La jueyera



“Una de las primeras impresiones que recibe el viajero al llegar a Puerto Rico es la desorganización en todas las esferas de la vida institucional de la sociedad. Esta desorganización da la impresión de lo que un amigo llamara "la jueyera", es decir, un desparramamiento desorbitado de comportamientos que en otras sociedades tienden a mantenerse dentro de marcos estructurales ordenados y coherentes. Para empezar, las valijas no aparecen en el areopuerto (sic), el teléfono para llamar al hotel no funciona, las reservaciones del hotel no aparecen por ningún lado tenemos que llamar a un amigo para salir del paso. Los caminos del aeropuerto están congestionados por un tránsito mal dirigido por policías inexpertos no sería muy de extrañar que el automóvil se descompusiera en el camino no fuera posible conseguir un mecánico para repararlo hasta el lunes, siendo viernes. Durante el tiempo que el automóvil debe permanecer en la calle, corremos el riesgo de que nos roben hasta el último tornillo del motor. El número de automóviles hurtados es tal que otro amigo ha perdido dos automóviles en menos de 6 meses.

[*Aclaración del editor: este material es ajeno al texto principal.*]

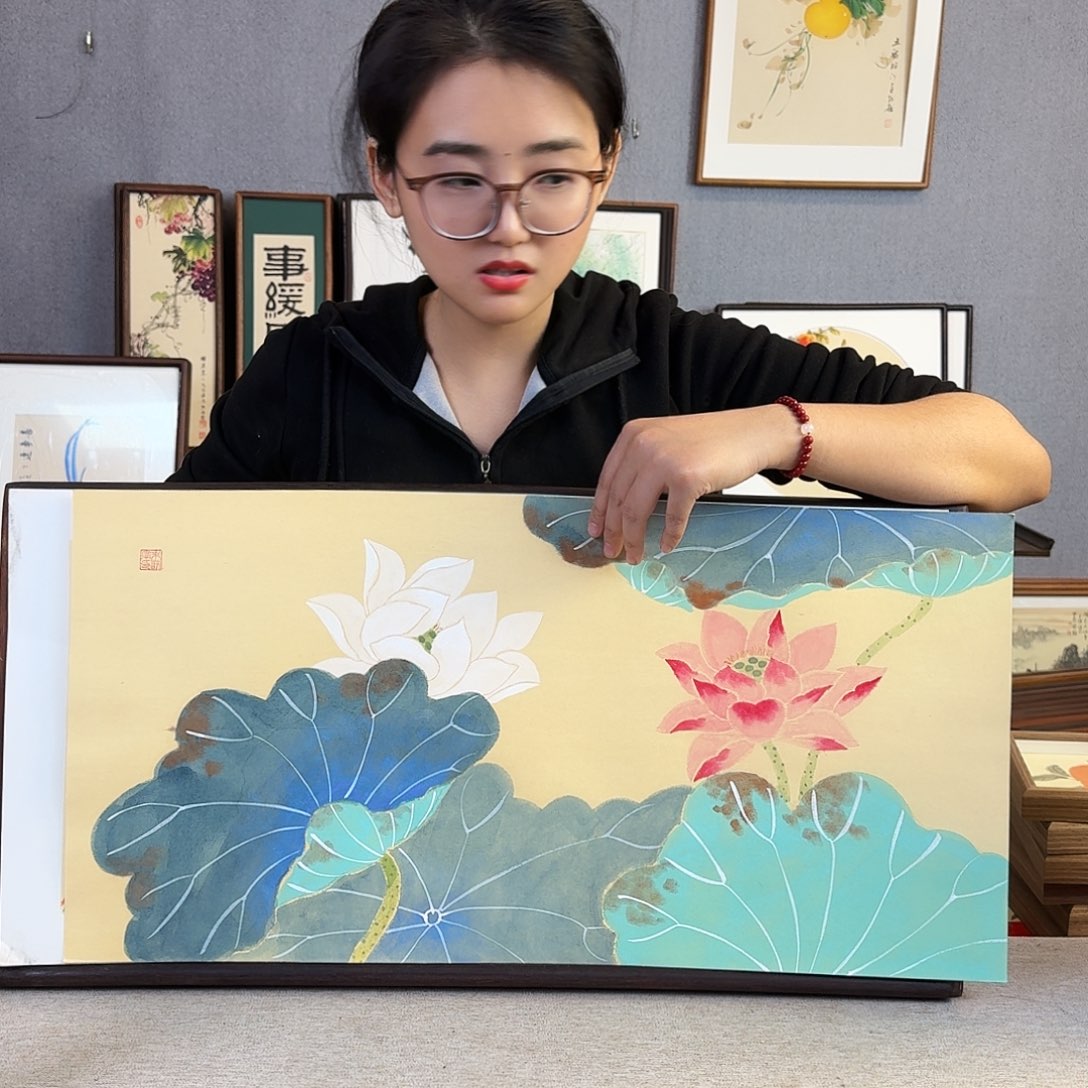 国画手绘带框尺寸： 36*69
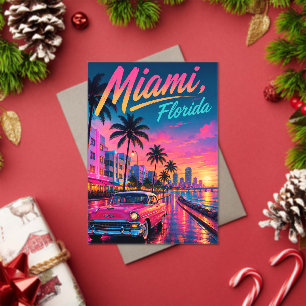 Miami Florida Retro Neon Sunset Travel Acrylic Invitations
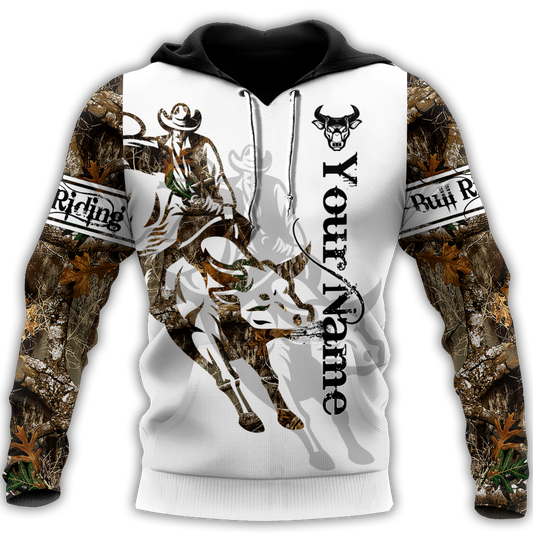 Bull Riding Tattoo Style Art – 3D Hoodie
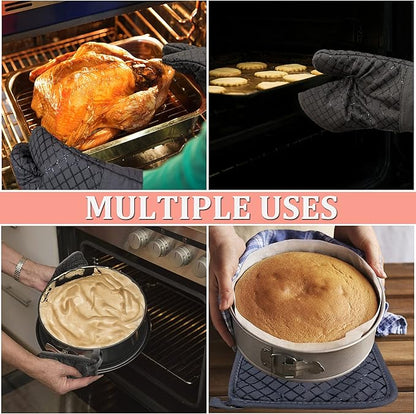 4 Pcs Oven Mitts and Pot Holders,500°F High Heat Resistant Kitchen Oven Mitts with Pot Holders,Long Oven Mitts with Recycled Cotton Infill and Silicone Non-Slip Surface for Baking and Cooking(Grey) - Image 4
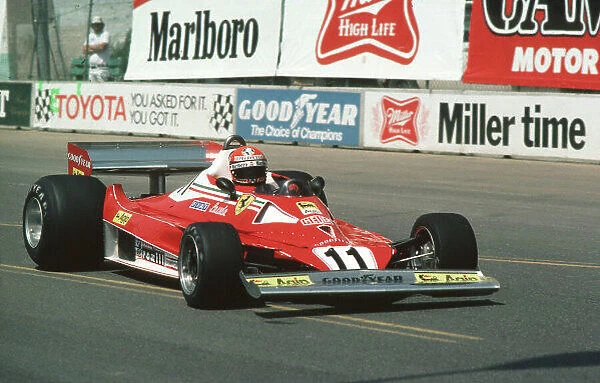 1977 United States Grand Prix West. Long Beach, California, USA. 1-3 April 1977. Niki Lauda (Ferrari 312T2) 2nd. Ref-77 LB 03. World Copyright - LAT Photographic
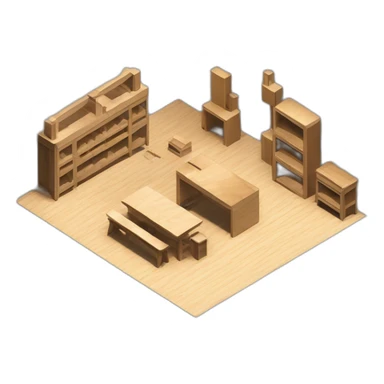 isometric square solid outline border box containing indoor creative workshop factory woodworking metalworking people actively working cnc machine tools simple clean industrial brutalist sticker
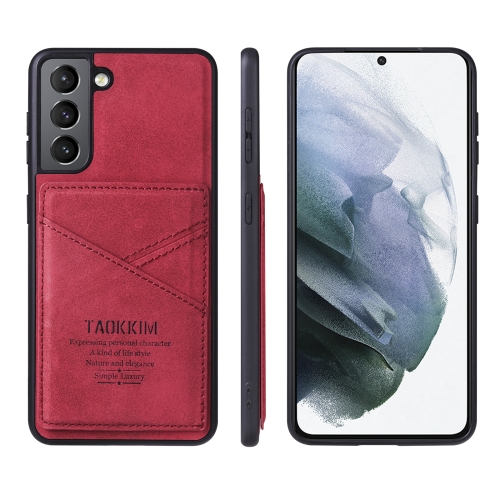 

For Samsung Galaxy S21 5G TAOKKIM Retro Matte PU Leather + PC + TPU Shockproof Back Cover Case with Holder & Card Slot(Red)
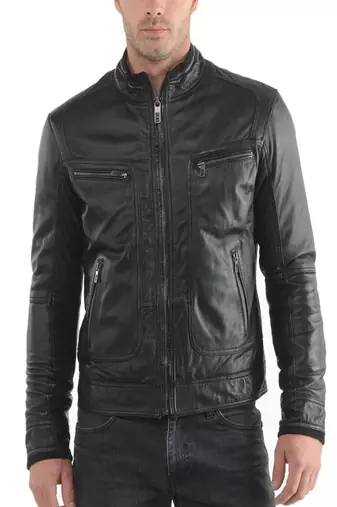 men's genuine lambskin leather jacket stand up collar style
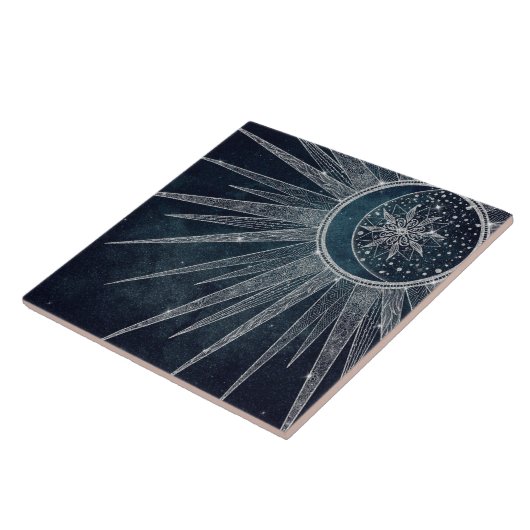 Elegant Silver Sun Moon Doodle Mandala Blue Design Tegeltje (Zijkant)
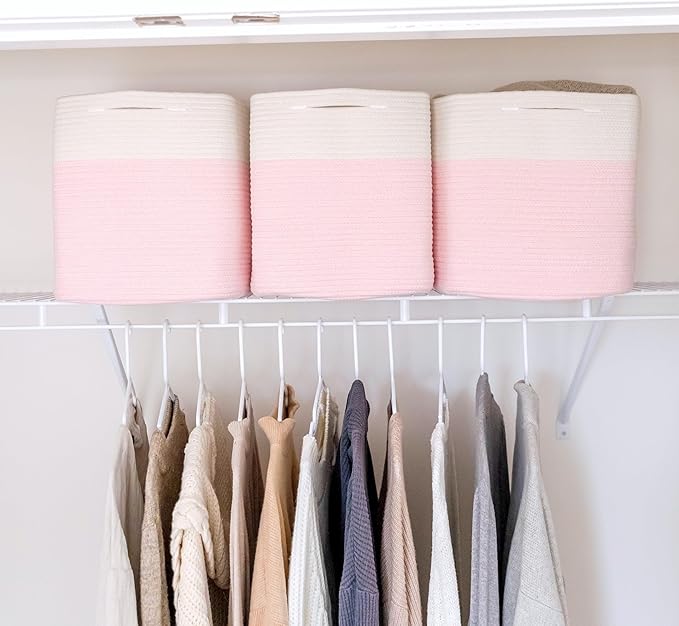 NaturalCozy 13x15x13 Kallax Storage Cubes, 3 Pack | Cotton Rope Cube Storage Bins Woven Baskets for Organizing | Kallax Insert Baskets for Shelves Organizer, Kids Toy, Pantry, Closet, Baby Nursery-Ruum Studio Home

Esta primera impresión de desorganización nos podría parecer un momento de mala suerte, pero nuestro optimismo empezará a flaquear cuando nos tropezamos con la entropía crónica que caracteriza otras esferas de la vida social.”

Eduardo Seda Bonilla, "La jueyera: Enajenación y pseudo conflicto", Caribbean Integration; Papers on Social, Political, and Economic Integration, (1967): 187-193.